The diocese of London has given central recognition to those new developments in the life of the church in London through an ambitious programme entitled Capital Vision 2020. The belief behind Capital Vision is that London’s churches should not be static museums, nor should they be bland community resources. Rather, they should have the confidence to be churches: outward looking and inward welcoming. Capital Vision aims to find the best examples of thriving, open, community-focused churches in London, and to teach their lessons to others that may be struggling.

I like to think that I see a lot of the importance of the English parish church in the work that I do for the diocese of London. London’s churches are as varied and colourful as London's communities. They are places where differing strands come together, both temporal and eternal; places of history and beauty; places of celebration and of mourning; places of splendid ceremony and of ministering to the poor.

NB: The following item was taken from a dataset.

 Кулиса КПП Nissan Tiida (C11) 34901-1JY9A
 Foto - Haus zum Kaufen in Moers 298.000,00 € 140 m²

Churches are also places where international visitors of all faiths and none can connect with God, yet also places which stand at the heart of their local communities, seeking to connect with people’s hopes and needs. Through being an open presence in the midst of our city, our church buildings will bear a welcoming witness to the Christian faith to all who enter them.

In an era when, nationally, fewer of our citizens attend church for worship, more than ever before are visiting churches for cultural, community, educational and altruistic purposes. In this way the English parish church will, I believe, continue to be the beating heart of its local community and one of the key defining features of English society in the 21st century.